Do you have a right to your childhood medical records?

I know for a fact my parents took me to child psychologists or psychiatrists because I was non-verbal until a certain age, I can remember it. My mom insists they diagnosed me as too hyper to form words in my brain :dubious: and otherwise “nothing was wrong with you at all, you’re fine!”.

Needless to say I distrust my mom’s version of events for good reasons, and she claims she cannot remember the name of the doctor or where the offices were located.

All I know as far as location was the city, if I could somehow find out the specific doctor or hospital do I have any right to request a copy of my medical files? Just to see exactly what I was or was not diagnosed with? This would have been in the late 1980s.

Files? Most if not all. General diagnosis and proposed/completed treatment and that sort of thing is easy. Anything you would consider a “chart”, you can get. Getting access to notebooks, tapes and things like that usually needs some sort of court order

You have a right to request it, but the doctor had no obligation to preserve the records for 30 years, so they may not exist. I can’t find any state that requires a doctor to preserve records of a minor for more than age-of-majority plus 3.

Yes, if the records still exist, you now hold the privilege and can access them.

While some hospitals may hold records longer, most private practitioners will have destroyed the files at the number of years after treatment at which this is allowed. This is in order to remove obsolete records and for storage space. Some facilities might archive paper records. It’s likely, though, that 30 years later they will have been destroyed.

If those records might have been requested by some other treatment provider later, there’s a shot that they’re duplicated in the newer record.

Yes you have a right to them but the question is can you get them for free? I tried to get my childhood dental records and they wanted to charge me $130 for them. In fact I am wondering if that is legal.

If, by chance, any of the visits were in coordination with referrals from the school then you might find some information reflected in your school records. I had cause to request copies of such from the school system 30+ years after certain testing and they pulled the records with no problem. had what I wanted. YMMV

In my state, they can charge “reasonable” copying and handling fees. I’d be surprised if $130 was deemed reasonable unless they were archived 100 miles away and someone had to drive over to a locked storage locker to get them.

But it would cost you more than $130 in court fees to sue them over it, so whatchagonnado?

OP, yeah, check with your old school.

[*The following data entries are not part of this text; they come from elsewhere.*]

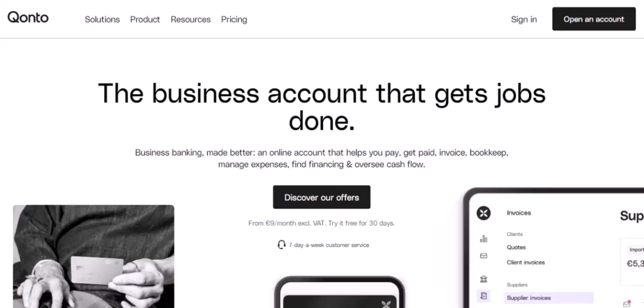Ever wondered how many people it takes to run a digital bank that's shaking up the financial world? Seriously, how many employees does Kanto actually have?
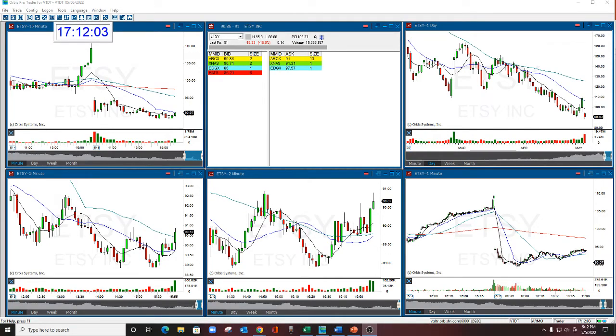Hello there, everyone. Welcome. This is Melissa Arma with the Stock Swish, reviewing Etsy. This was the Stock Swish Show Play of the Day today. Great move in this Etsy. Let's take a look at it.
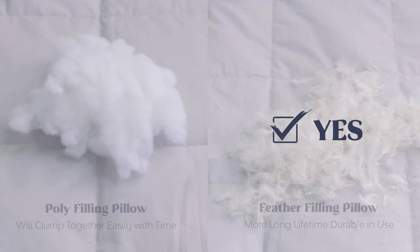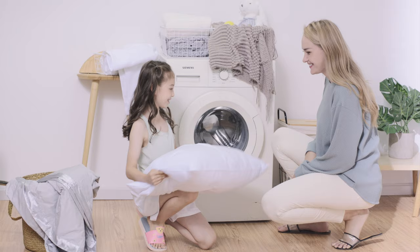Ethically sourced down. Our products are OkuTech certified and have been certified to the RDS.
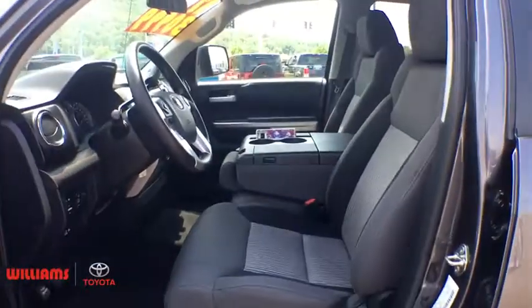This vehicle has less than 15,000 miles. Here are some of this vehicle's great options: traction control, dual airbags, power steering, four-wheel disc brakes, center armrest, fog light.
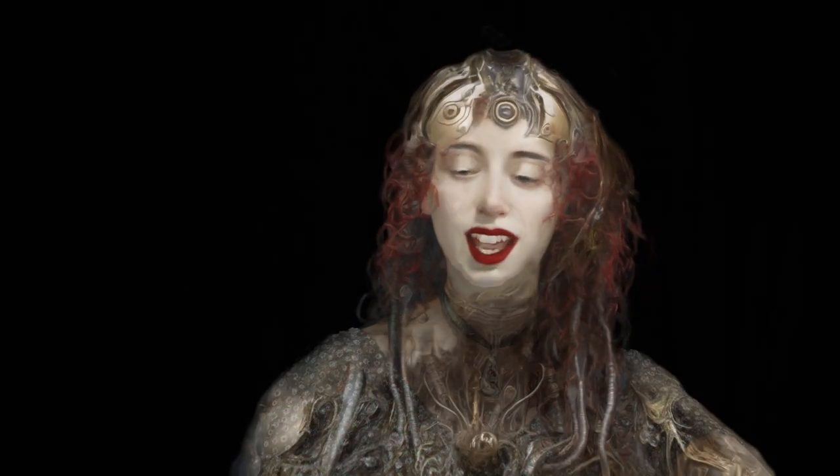My name is Vanessa Rosa. I'm a Brazilian visual artist, and I'm the creator of the Little Martian Sci-Fi Universe.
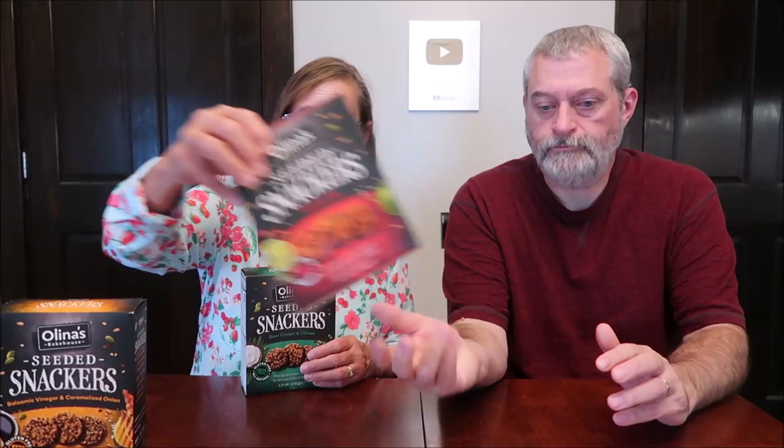Today, Kevin and I are going to be trying some Olena's Bakehouse — it could be Olena. We would probably say Olena, but it could be Olena, like olive. They're made in Australia. This is Olena's Bakehouse Seeded Crackers. We have sour cream and chives, balsamic vinegar and caramelized onion, and chili and lime. These were $4.99 each — $5 a box at Meijer.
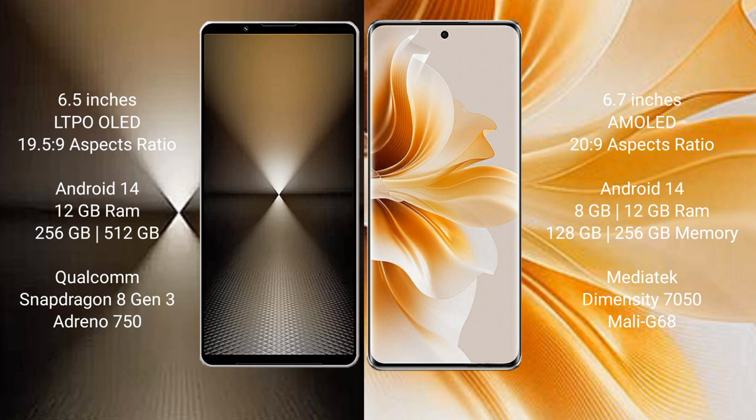The OPPO Reno 11 comes with 8GB or 12GB RAM and 128GB, 256GB, or 512GB internal storage, powered by a MediaTek Dimensity 7050 processor with a Mali-G68 GPU.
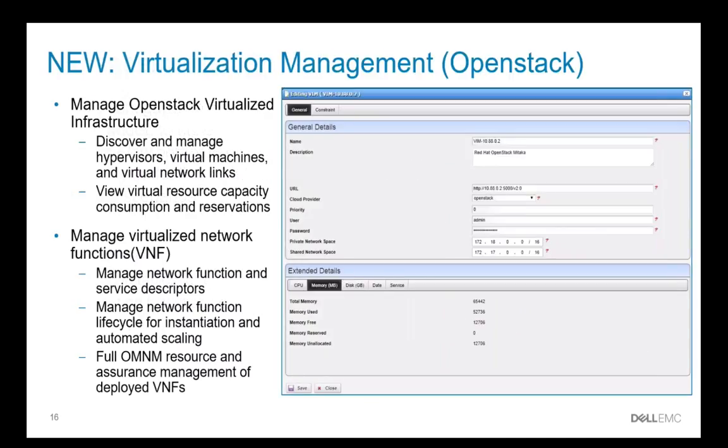We've added support for virtualization management for OpenStack, allowing you to discover and manage hypervisors, virtual machines, and your virtual network links, as well as your resource capacity consumption and reservations. You're also able to manage virtual network functions such as function and service descriptors and the entire function lifecycle for instantiation as well as scaling.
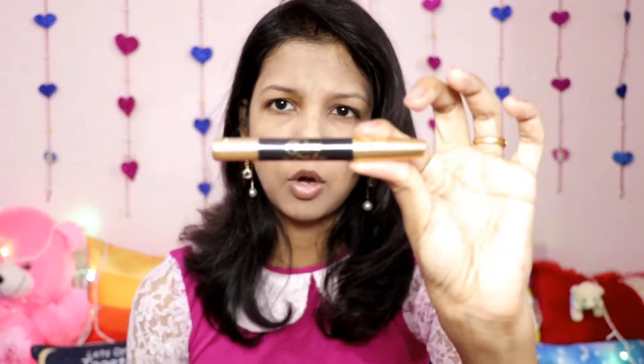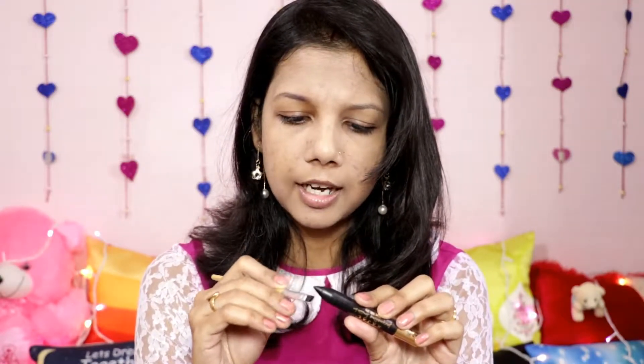Now it's time for eyebrows. I'm using Quinique kajal — you can also use Lakme kajal, which I also have. Both cost under 50 rupees. I'm taking a little bit of this kajal on my angled brush and applying it on my eyebrows.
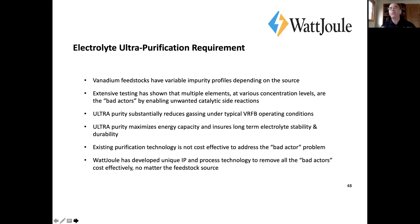There are certain contaminants — or sets of contaminants — in the electrolyte that can create all kinds of problems. Depending on concentration levels, which elements are present, and operating conditions, they can create all types of havoc. We've developed the ability to extract and pull all those bad actors out.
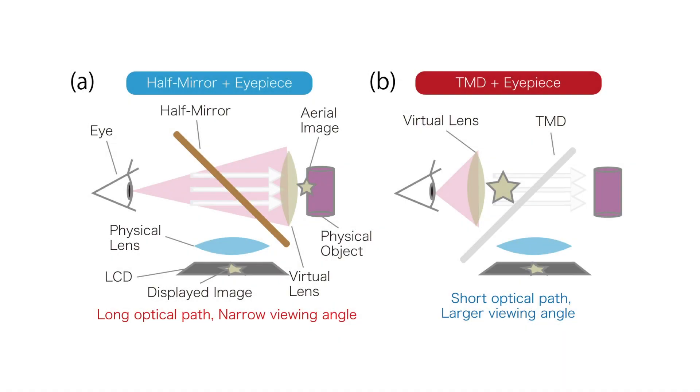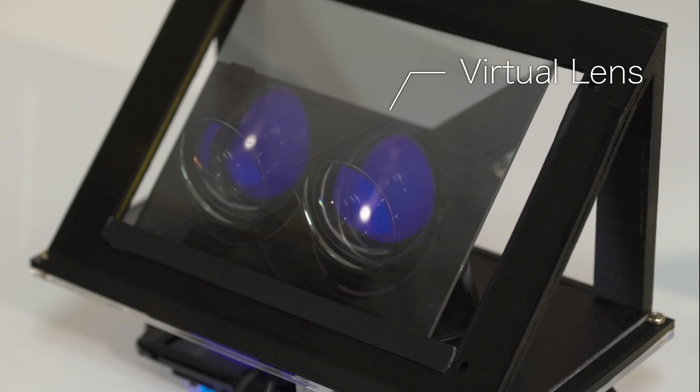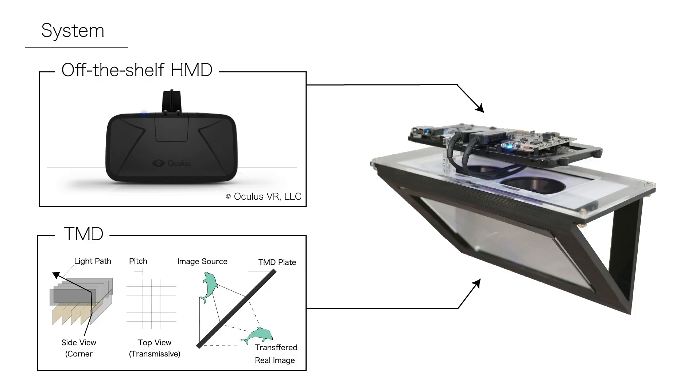We propose a method to create the optical function in the air close to the eyes by using this TMD to present a real image of optics. It enables us to place these virtual optics closer to the eyes than physical optics. It is possible to realize an inexpensive head-mounted display with an optical see-through and wide-viewing angle.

It will be much easier since you know their name, and (at least in my state) schools have to keep records for 50 years.

Sara, that’s pretty cheap. Yes, it’s legal. It could legally be more.

I know they can charge fees for copying and service fees too. You can check with ADA to see if there are guidelines. As mentioned above it’s not an outrageous sum, and it could cost you more to fight it.

I’m sure it varies by state. In Texas IIRC it is $25 for first 20 pages and then $0.15 per page. Full mouth series of x-rays, panoramic or cheph x-ray $15. Individual intaoral x-rays are $5.